PROBLEM REQUIREMENTS: Copy all records verbatim, images excluded.

SUPPLIED ENTRIES section start

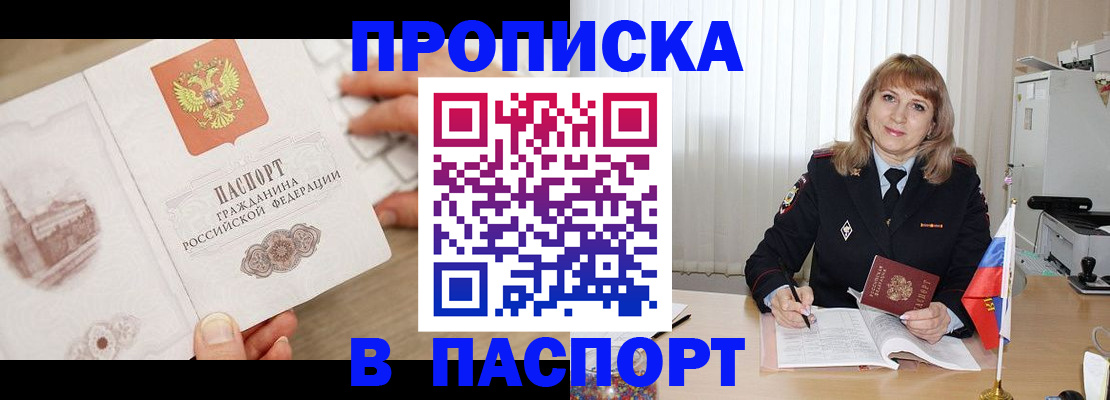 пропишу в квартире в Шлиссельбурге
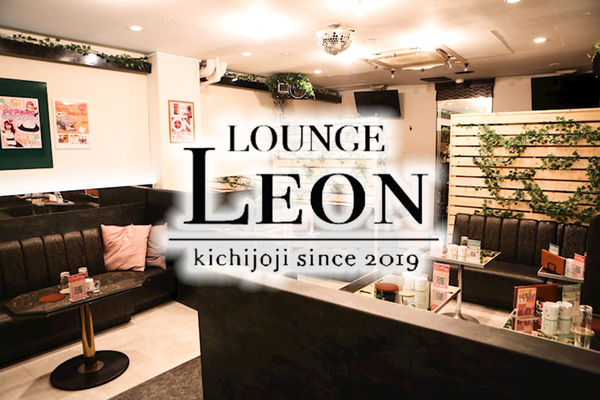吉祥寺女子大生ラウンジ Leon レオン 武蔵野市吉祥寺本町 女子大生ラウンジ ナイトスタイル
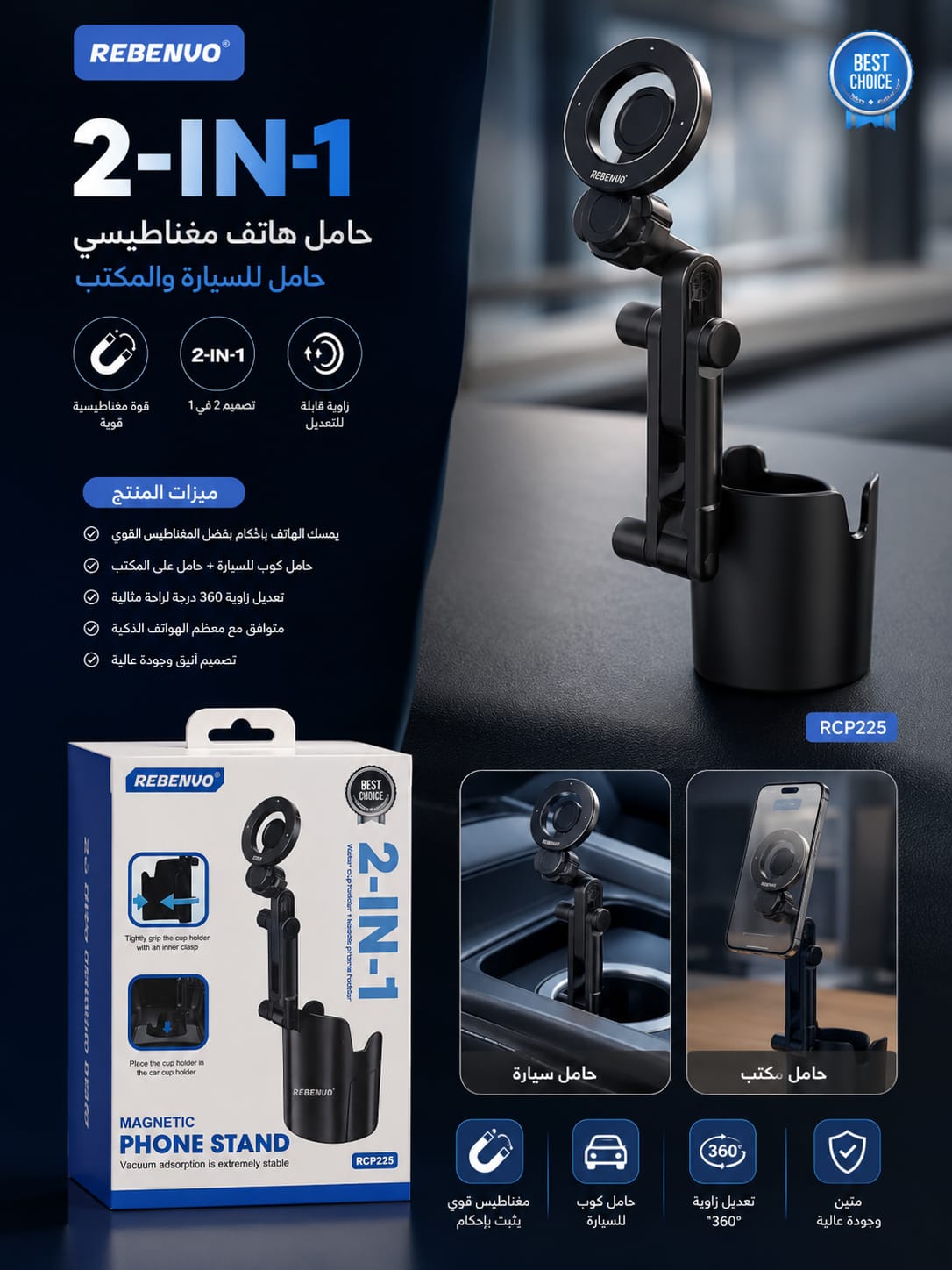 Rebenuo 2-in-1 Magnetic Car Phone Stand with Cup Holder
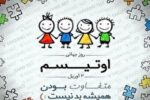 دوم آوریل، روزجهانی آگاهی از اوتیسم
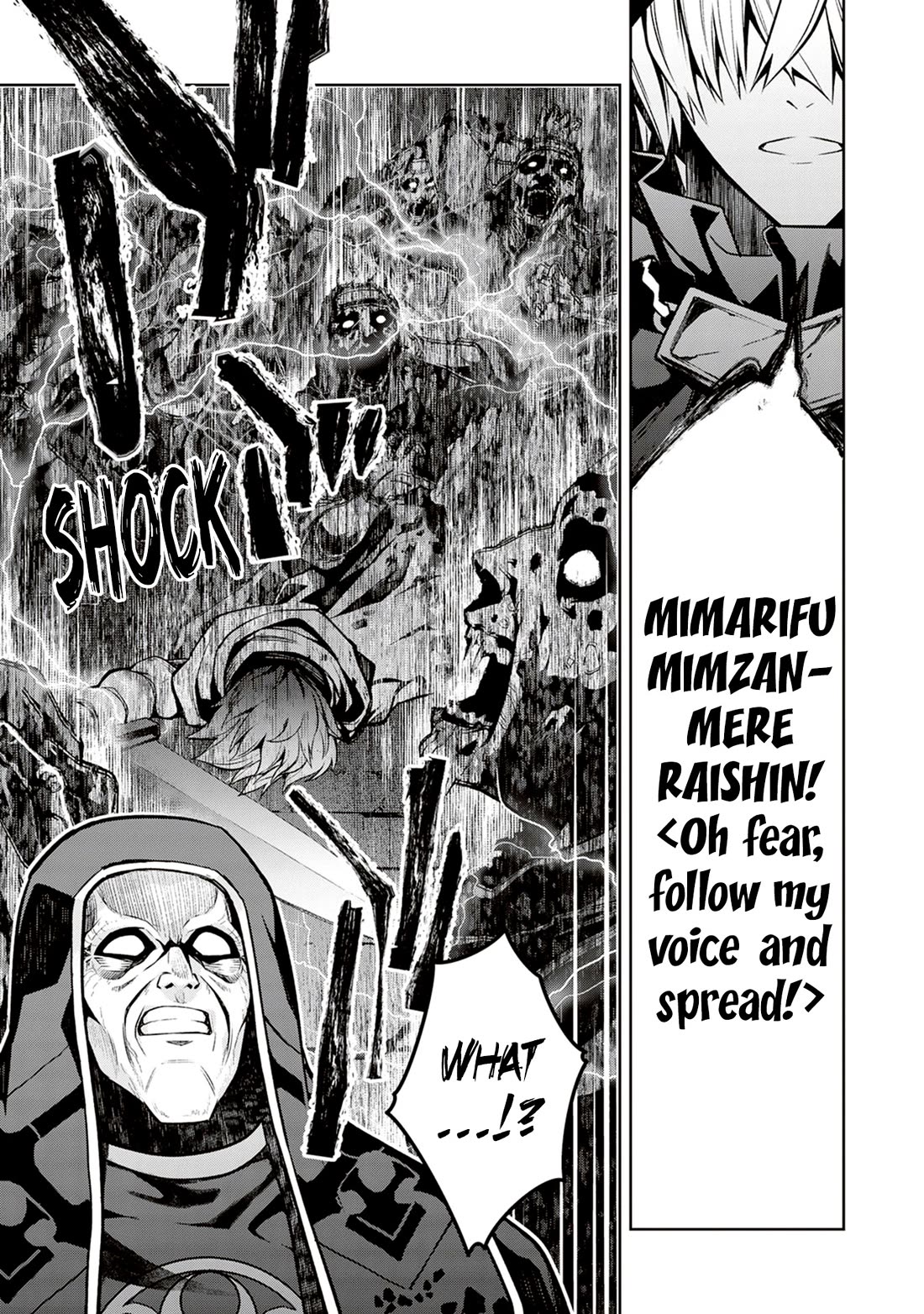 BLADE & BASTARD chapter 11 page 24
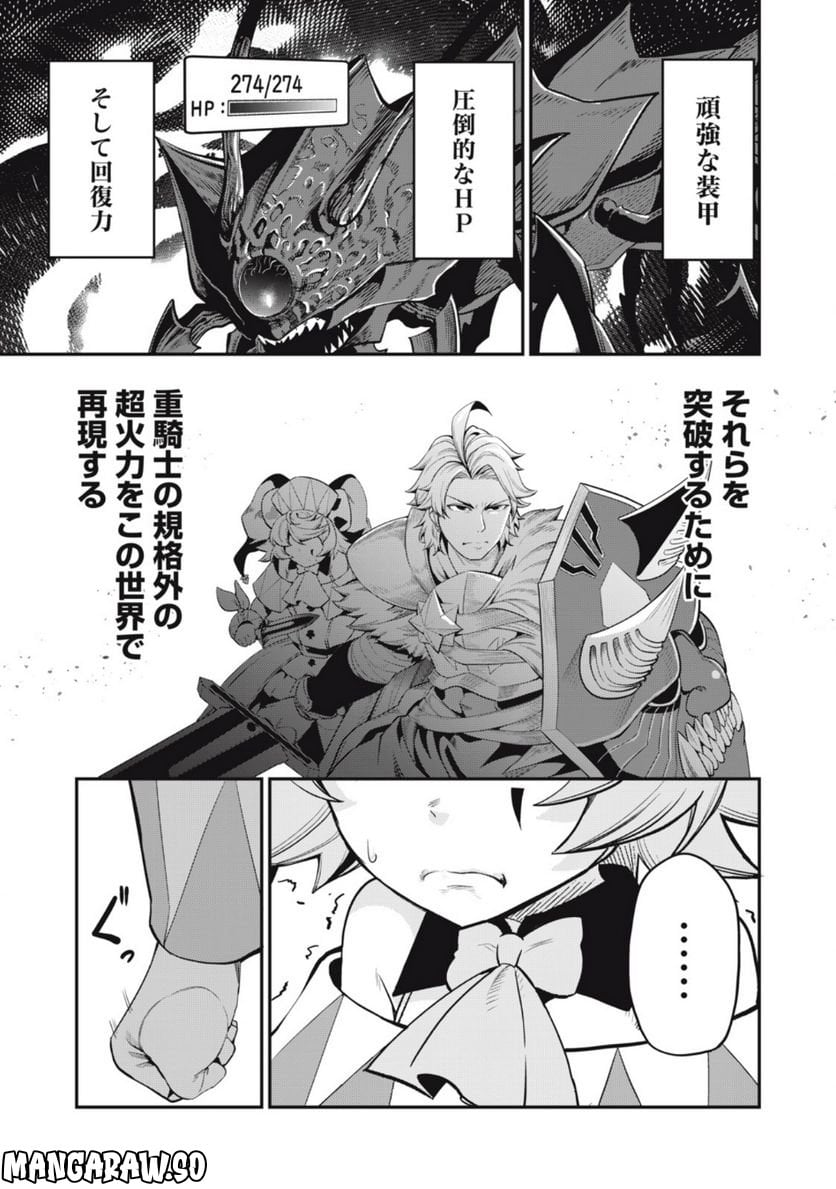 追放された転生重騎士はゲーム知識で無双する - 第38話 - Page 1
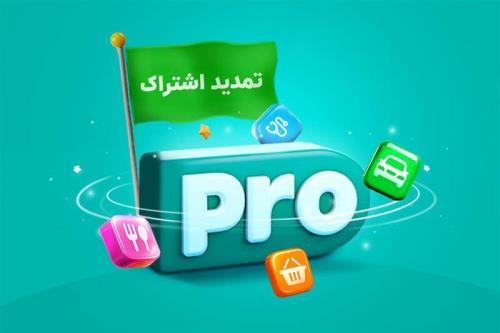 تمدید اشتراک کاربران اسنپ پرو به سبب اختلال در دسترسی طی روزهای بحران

SUPPLIED ENTRIES section end

EXERCISE SOLUTION:
 пропишу в квартире в Шлиссельбурге
吉祥寺女子大生ラウンジ Leon レオン 武蔵野市吉祥寺本町 女子大生ラウンジ ナイトスタイル
 Rebenuo 2-in-1 Magnetic Car Phone Stand with Cup Holder
 دوم آوریل، روزجهانی آگاهی از اوتیسم
 BLADE & BASTARD chapter 11 page 24
 追放された転生重騎士はゲーム知識で無双する - 第38話 - Page 1
 تمدید اشتراک کاربران اسنپ پرو به سبب اختلال در دسترسی طی روزهای بحران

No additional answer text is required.